■ Goal of the exercise ■
Take the lines in the listing below from the line with "Ron Futcher waits" up to and including the line with "a white cup" and set them down exactly, skipping pictures and adding nothing.

■ Data shown ■
[Start of Attachment]

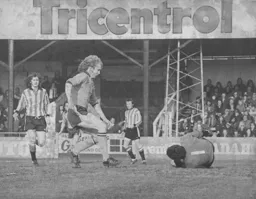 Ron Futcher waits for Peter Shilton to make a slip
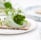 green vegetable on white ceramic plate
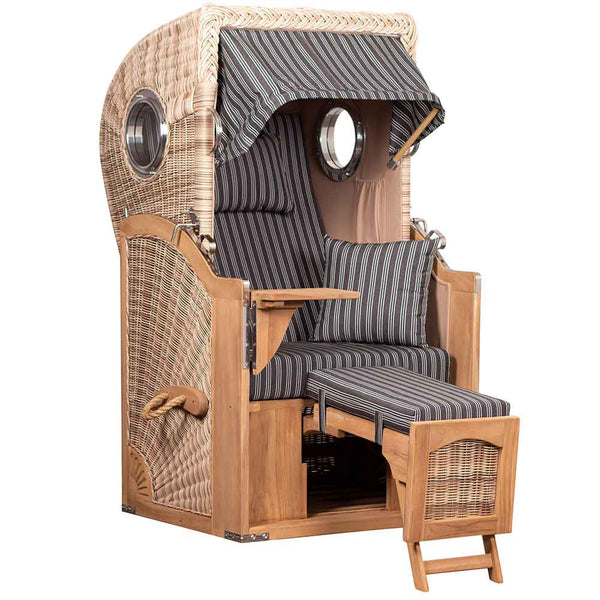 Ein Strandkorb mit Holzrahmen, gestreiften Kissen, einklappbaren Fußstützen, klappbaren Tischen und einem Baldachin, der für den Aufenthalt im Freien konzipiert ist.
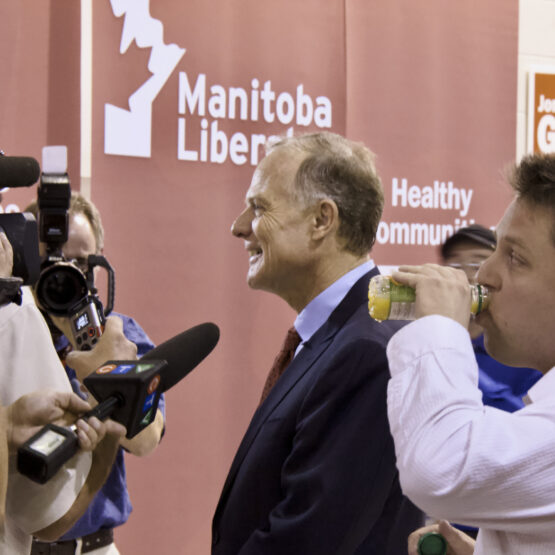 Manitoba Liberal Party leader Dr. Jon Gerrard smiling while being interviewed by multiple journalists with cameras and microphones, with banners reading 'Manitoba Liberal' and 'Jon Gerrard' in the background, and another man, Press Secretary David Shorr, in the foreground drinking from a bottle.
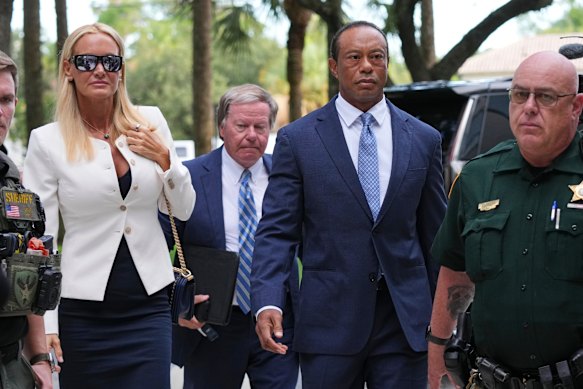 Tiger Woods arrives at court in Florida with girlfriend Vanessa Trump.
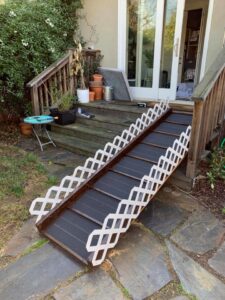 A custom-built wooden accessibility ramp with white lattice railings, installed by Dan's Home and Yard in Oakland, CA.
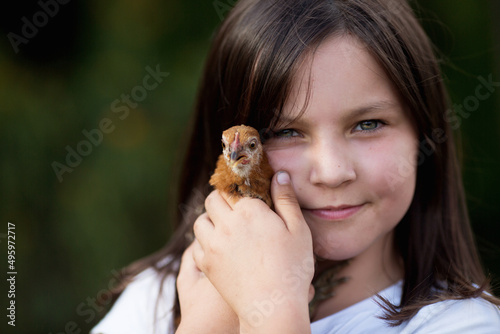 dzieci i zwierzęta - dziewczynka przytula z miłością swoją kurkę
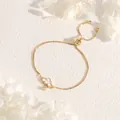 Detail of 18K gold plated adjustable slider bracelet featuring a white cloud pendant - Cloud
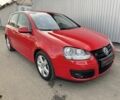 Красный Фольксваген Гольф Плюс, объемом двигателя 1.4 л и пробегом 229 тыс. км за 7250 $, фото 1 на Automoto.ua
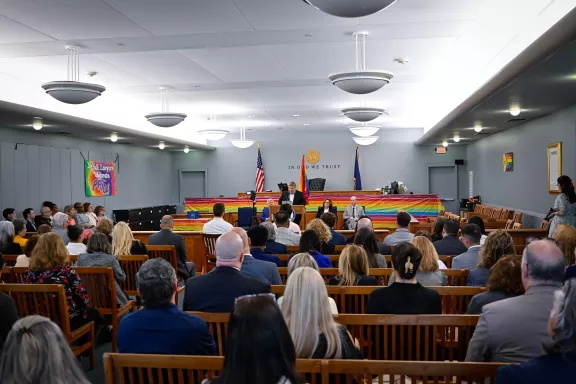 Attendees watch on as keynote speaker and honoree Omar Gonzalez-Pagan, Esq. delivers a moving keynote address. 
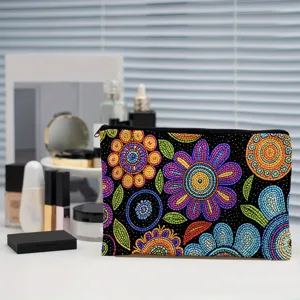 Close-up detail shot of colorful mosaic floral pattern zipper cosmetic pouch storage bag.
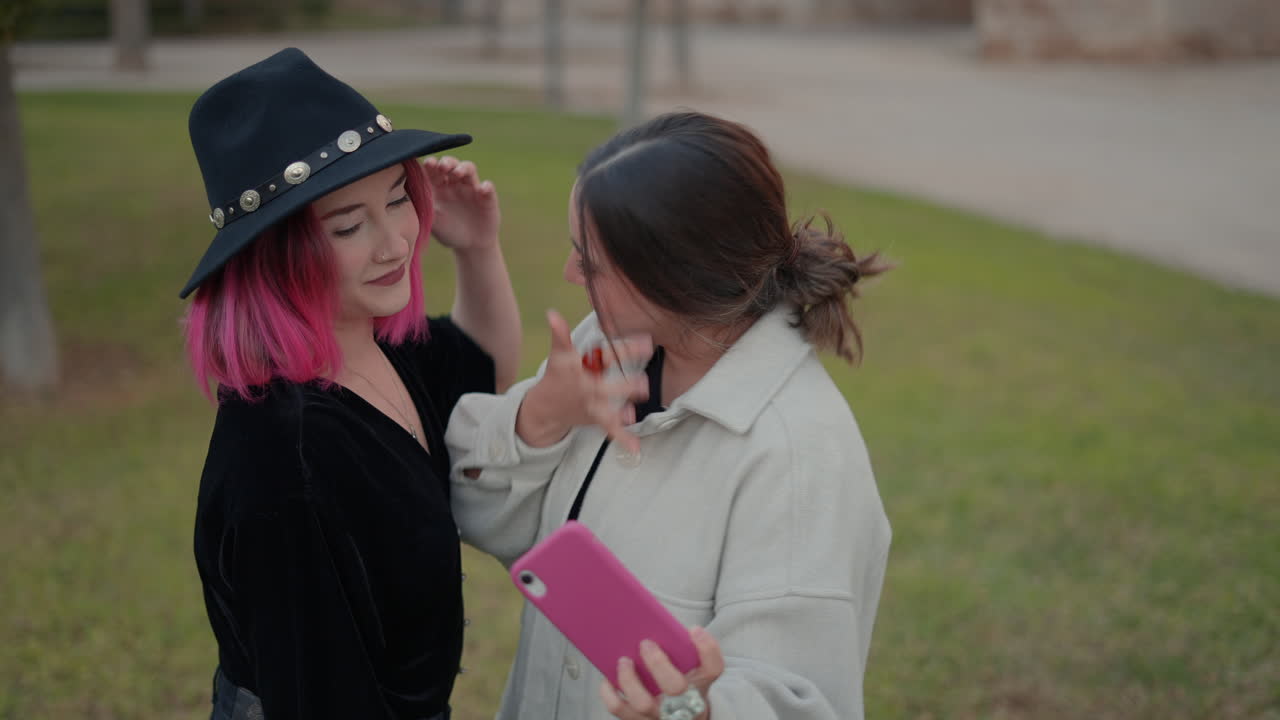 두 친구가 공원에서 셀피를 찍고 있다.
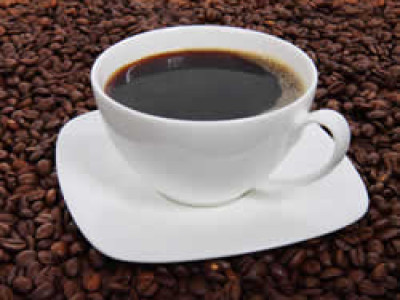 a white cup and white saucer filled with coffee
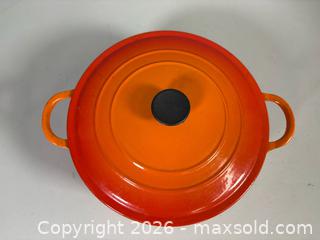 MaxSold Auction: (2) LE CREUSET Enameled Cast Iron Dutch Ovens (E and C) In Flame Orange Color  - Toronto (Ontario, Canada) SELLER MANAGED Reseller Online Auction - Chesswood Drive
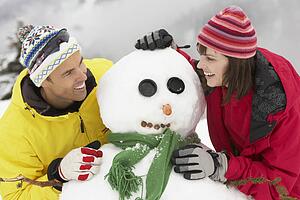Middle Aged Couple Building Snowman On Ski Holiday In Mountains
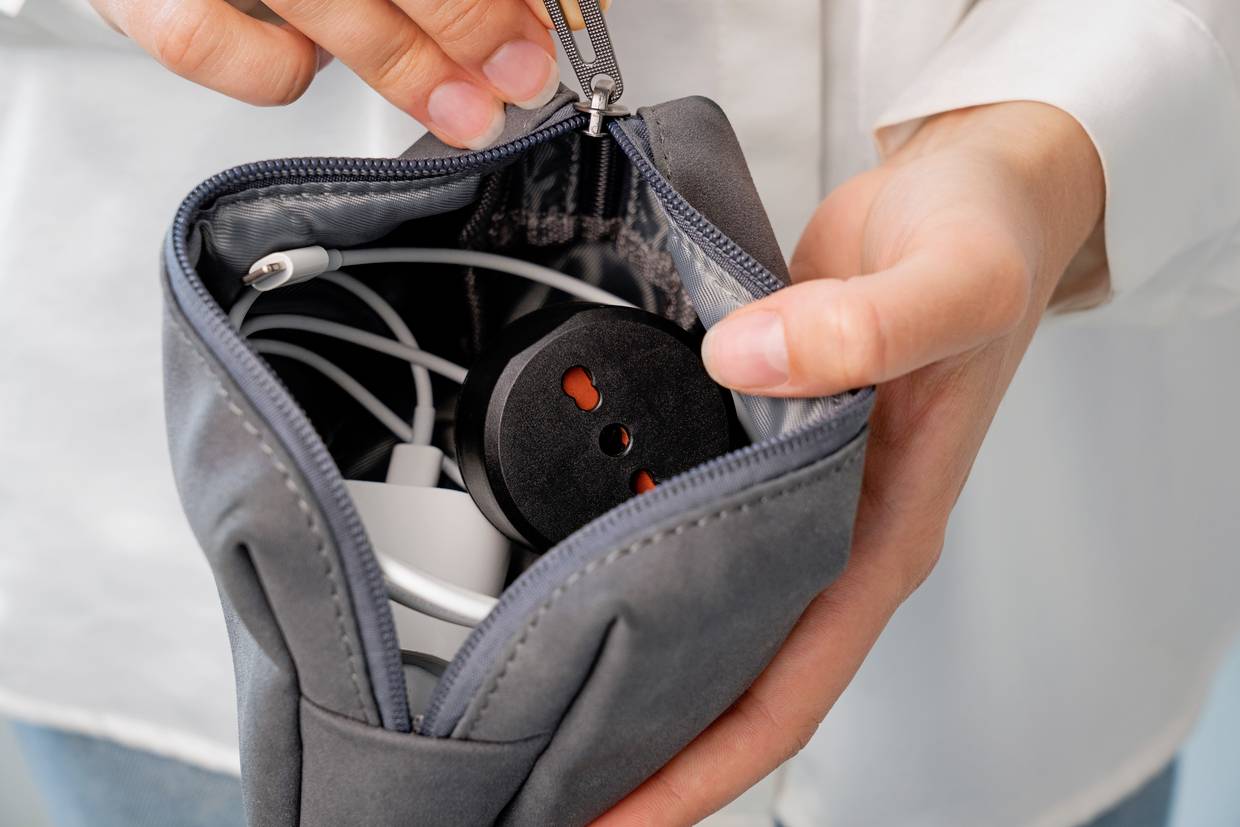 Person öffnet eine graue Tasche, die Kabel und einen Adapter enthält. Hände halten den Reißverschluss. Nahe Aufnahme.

[End of Attachment]
[Start of Attachment]

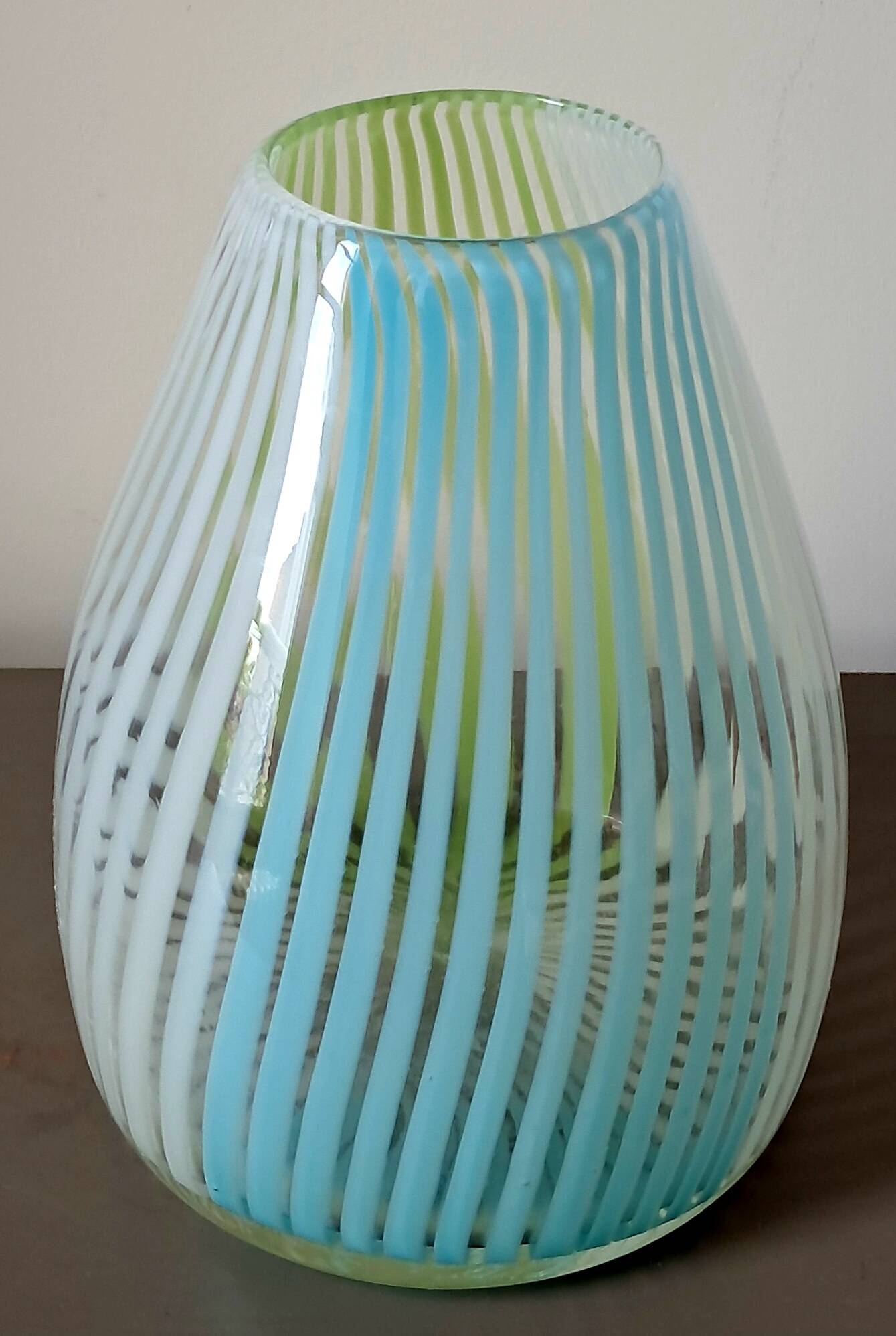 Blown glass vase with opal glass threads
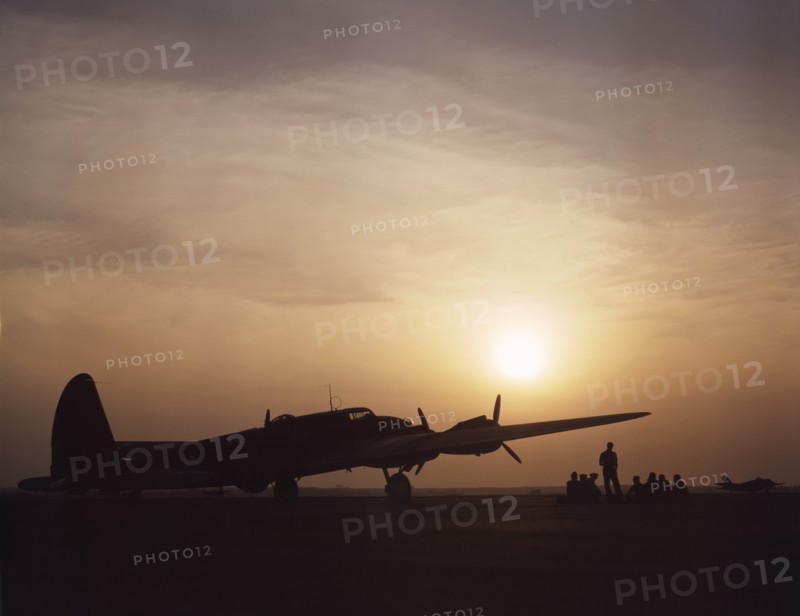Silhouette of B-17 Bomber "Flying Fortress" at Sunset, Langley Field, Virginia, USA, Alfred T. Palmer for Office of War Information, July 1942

[End of Attachment]

■ Output for this exercise ■
 Ron Futcher waits for Peter Shilton to make a slip
 green vegetable on white ceramic plate
 Ein Strandkorb mit Holzrahmen, gestreiften Kissen, einklappbaren Fußstützen, klappbaren Tischen und einem Baldachin, der für den Aufenthalt im Freien konzipiert ist.
 Manitoba Liberal Party leader Dr. Jon Gerrard smiling while being interviewed by multiple journalists with cameras and microphones, with banners reading 'Manitoba Liberal' and 'Jon Gerrard' in the background, and another man, Press Secretary David Shorr, in the foreground drinking from a bottle.
 Tiger Woods arrives at court in Florida with girlfriend Vanessa Trump.
 A custom-built wooden accessibility ramp with white lattice railings, installed by Dan's Home and Yard in Oakland, CA.
 dzieci i zwierzęta - dziewczynka przytula z miłością swoją kurkę
 Detail of 18K gold plated adjustable slider bracelet featuring a white cloud pendant - Cloud
 Красный Фольксваген Гольф Плюс, объемом двигателя 1.4 л и пробегом 229 тыс. км за 7250 $, фото 1 на Automoto.ua
 Attendees watch on as keynote speaker and honoree Omar Gonzalez-Pagan, Esq. delivers a moving keynote address. 
 Close-up detail shot of colorful mosaic floral pattern zipper cosmetic pouch storage bag.
 두 친구가 공원에서 셀피를 찍고 있다.
 a white cup and white saucer filled with coffee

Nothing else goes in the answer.